BusABC.recv: keep calling _recv_internal until it returns None #1686

malsyned · 2023-10-26T21:49:44Z

Even if recv() is called with timeout=0, the caller's intention is probably for recv() to check all of the messages that have already arrived at the interface until one of them matches the filters.

This is already the way recv() behaves for interface drivers that take advantage of hardware or OS-level filtering, but those that use BusABC's default software-based filtering might return None even if a matching message has already arrived.

malsyned · 2023-10-27T16:50:32Z

Sorry, this PR is still buggy. I'm going to build out the unit tests a little bit to test recv() more thoroughly and push an updated version in a little while.

Even if recv() is called with timeout=0, the caller's intention is probably for recv() to check all of the messages that have already arrived at the interface until one of them matches the filters.
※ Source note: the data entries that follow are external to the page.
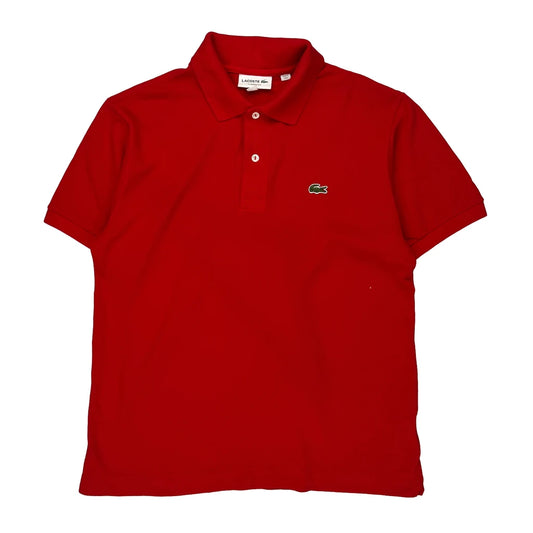 Lacoste Polo Shirt - Medium Red Cotton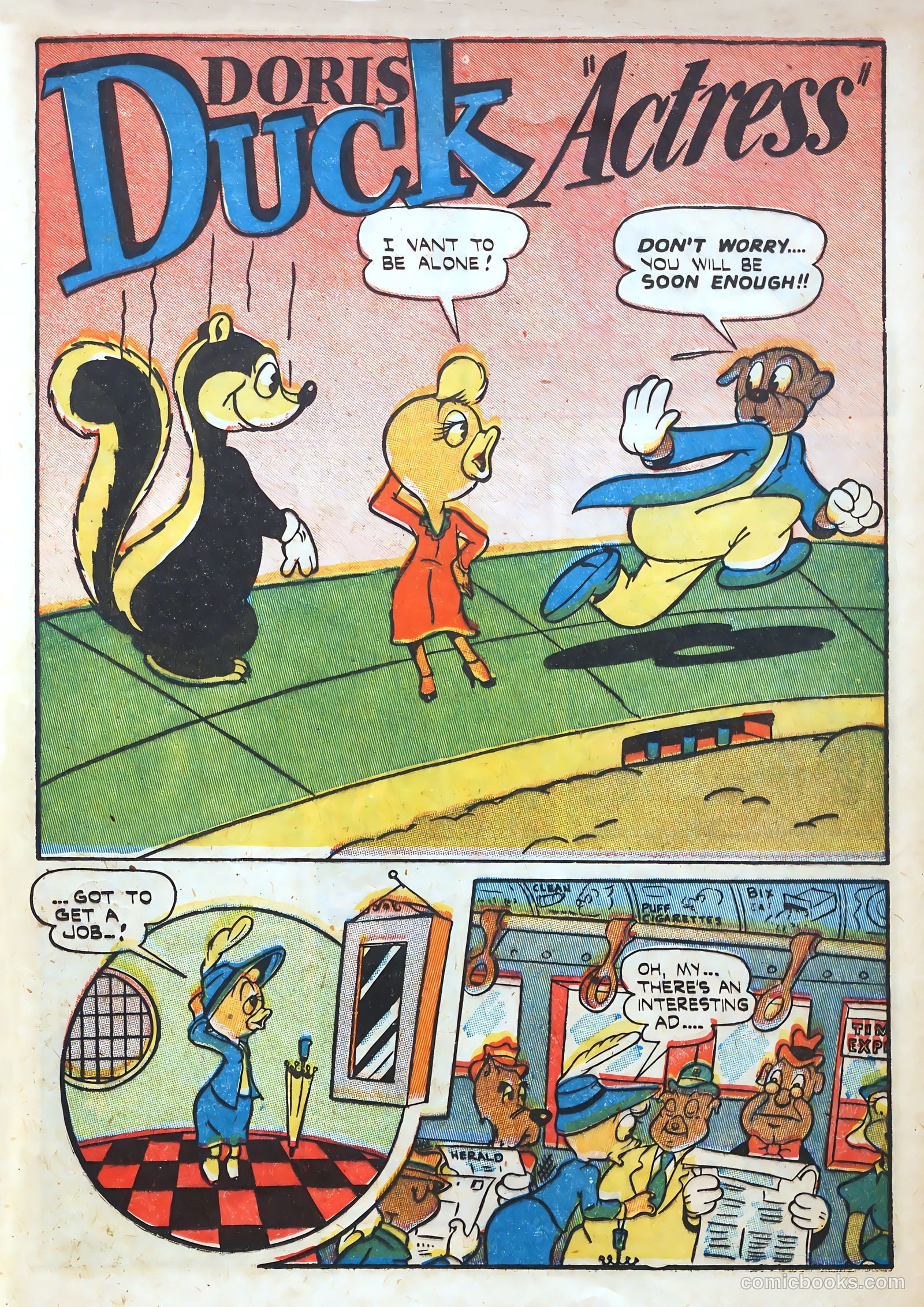 Billy Bunny's Christmas Frolics #1 (1952) — page 21 of 100
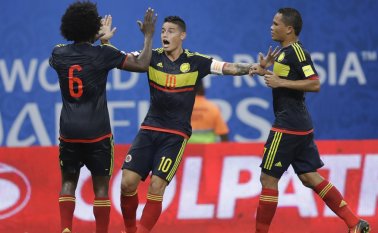 Colombia se enfrenta a Brasil en la octava fecha de la eliminatoria. AP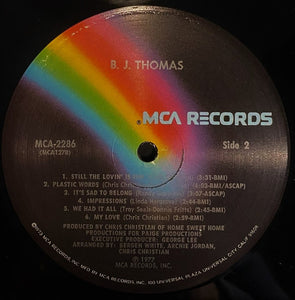 B.J. Thomas : B.J. Thomas (LP, Pin)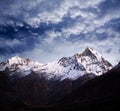 Mount Machapuchare & x28;Fishtail& x29;, view from Annapurna Base Camp, Ne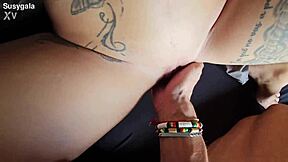 My Neighbors Huge Cock Fucks Me Standing On My Balcony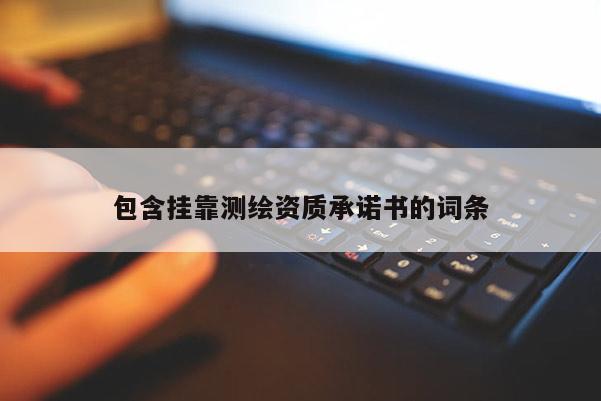 包含掛靠測繪資質(zhì)承諾書的詞條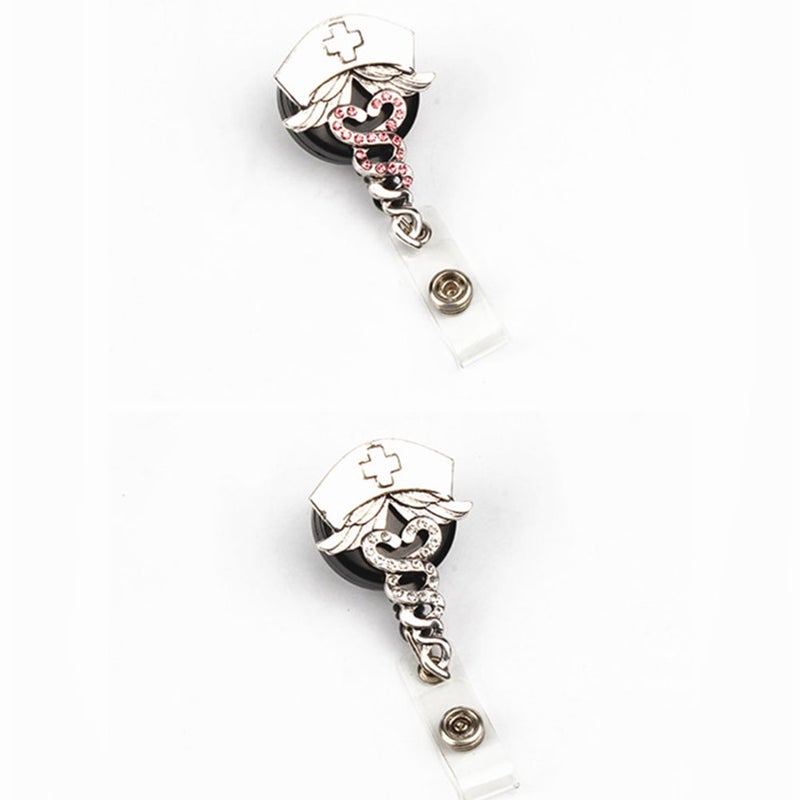 Student Exhibition ID Clips Badge Holder Stationery Telescopic Metal Tools for ( ) - Image 2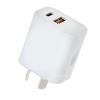 Sansai HW-311B 20W USB A+C Charger White SAA Approved With USB-A(QC3.0) & USB-C (PD3.0) outlets up to 20W for quick charging. Sansai HW-311B 20W USB A+C Charger White SAA Approved With USB-A(QC3.0) & USB-C (PD3.0) outlets up to 20W for quick charging.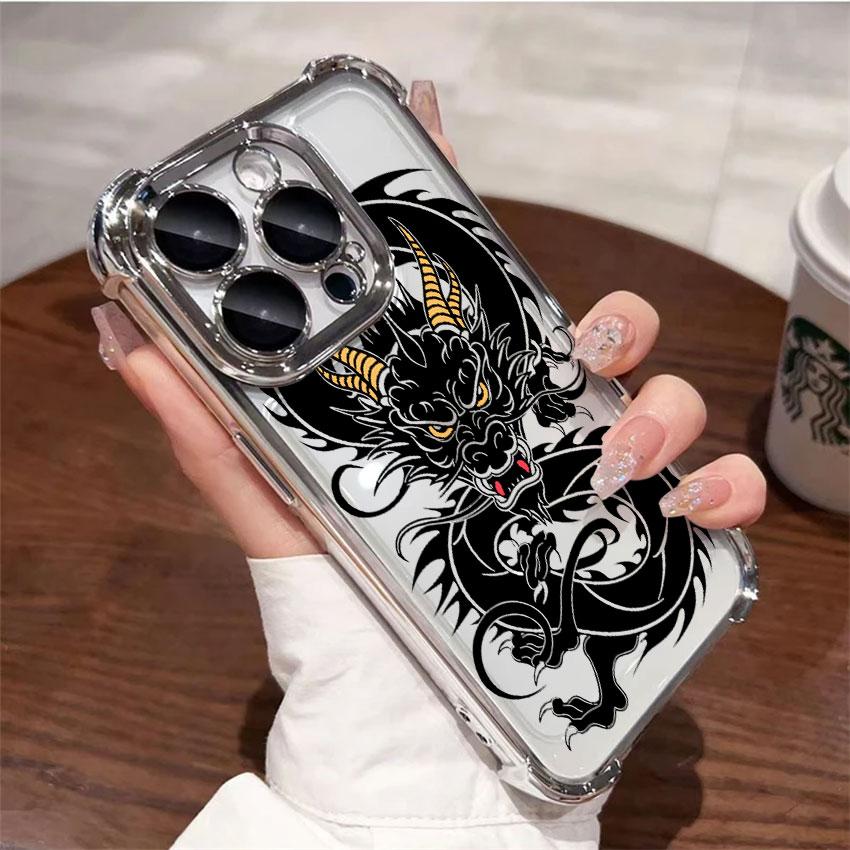 Fashion Dragon Tattoo Pattern Case For Samsung Galaxy A56 A57 A55 A54 A52 A53 A37 A36 A17 A34 A35 A26 A25 A16 A06 A07 Phone Cove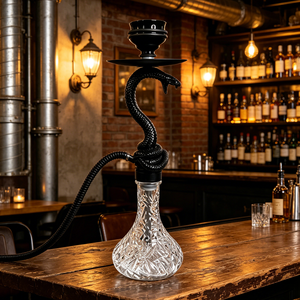 Snake Design Portable <b>Hookah</b> Shisha Set 58CM Luxury <b>Hookah</b> Aluminum Alloy Shisha <b>Hookah</b> Set Arabic <b>Hookah</b> <b>Hookah</b> Pen In Stock - Product Image 2
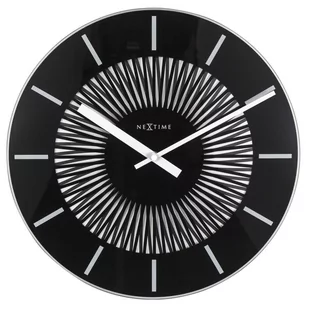 Nextime Zegar ścienny Radial, czarny, 35x3,5 cm - Zegary - miniaturka - grafika 1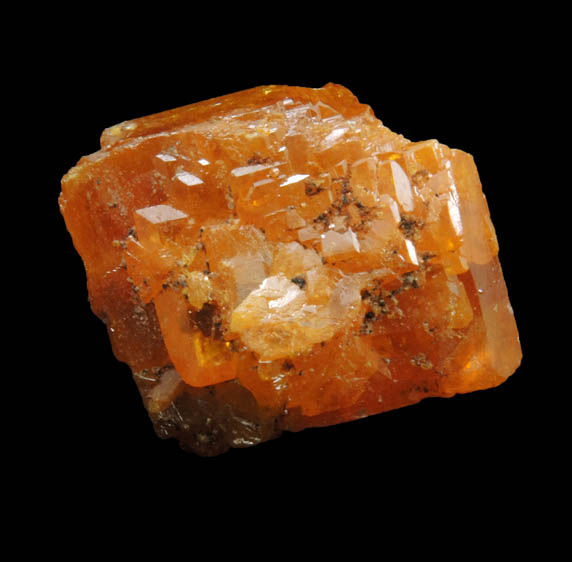 Wulfenite from Rowley Mine, 20 km northwest of Theba, Painted Rock Mountains, Maricopa County, Arizona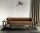 Pendelleuchte Grau Gold E27 rund D: 50 cm E27 Stoffschirm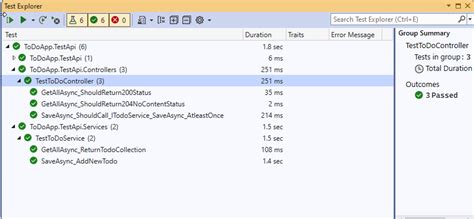 Web API Unit Test C 的图像结果
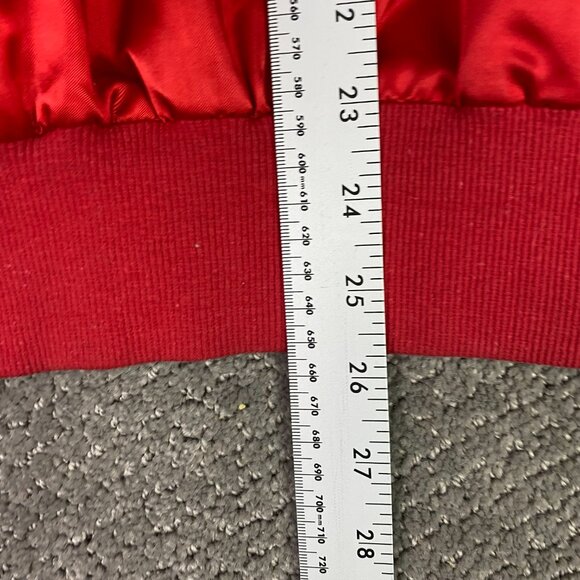 Vintage Coors Slo Pitch Satin Jacket Men's XL Fits Large Red Snap Beer Molson - Picture 15 of 15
This is already the way recv() behaves for interface drivers that take advantage of hardware or OS-level filtering, but those that use BusABC's default software-based filtering might return None even if a matching message has already arrived.

malsyned · 2023-10-27T18:14:45Z

This PR should be good to go now. It simplifies the logic in recv() by leveraging the fact that _recv_internal() already takes care of determining whether an rx timeout has occurred and returns None if it has. Therefore recv() doesn't ever need to check whether time_left > 0 or not, only whether _recv_internal() has returned None or not. Eventually, _recv_internal() will get called with timeout=0, and if there are no messages already in the underlying interface's receive buffer, recv() will return None.

zariiii9003 · 2023-10-28T10:41:29Z

can/bus.py

-                return None
+            # try again with reduced timeout
+            if timeout is not None:
+                time_left = max(0, timeout - (time() - start))


If you remove the timeout check here, it could happen, that you never leave this loop as long as you receive messages, that do not pass the filter.

Maybe I'm missing a corner case, but here's why I thought it was alright to remove the check:

time_left decreases every pass through this loop. Eventually time_left will be 0. At that point, _recv_internal() will not block waiting for new messages, and will only return ones that have already queued up at either the OS or hardware level, which should be a finite queue that clears pretty quickly.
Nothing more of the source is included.